The other reason that we choose to be the telecommunications change this country needs is that competition in and of itself is no longer enough to make a real difference to the quality of existence of businesses and consumers. Simply having two fixed line providers of the same sort, for instance, does have the effect of driving prices down – because, theoretically, subscribers have a choice between two similar services.
But, that elementary type of competition is not enough to change the way business is done and life happens in a country that has always done things telephony in only one particular way; a country that has been living in a Henry Ford landscape in which “you can have any colour you want as long as it’s black”.

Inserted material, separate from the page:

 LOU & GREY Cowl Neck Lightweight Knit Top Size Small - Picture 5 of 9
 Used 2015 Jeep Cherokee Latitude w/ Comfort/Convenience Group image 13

South African subscribers, whether via their businesses or their homes, are not used to buying converged communications services. Which means that they don’t know how to shop for such services. They don’t know what to ask for and they don’t know how to compare one service with another. In other words, we have a perfect situation of a market that has “latent communication needs.”
Living proof
So, it’s been up to us, as the alternate infrastructure and telecoms challenger, to educate the public – to tie together all the telecommunications concepts that people are used to with all those they don’t know and help them make sense of what their voice, data, and Internet options really should be.
That responsibility, in turn, has meant that we’ve had to tie together all the practical elements of voice, data, and Internet delivery – at the level of infrastructure, regulation, and market peers and competitors.
We’ve had to be – and must continue to be, until there is true competition in the market – a living example of what modern communications have to offer.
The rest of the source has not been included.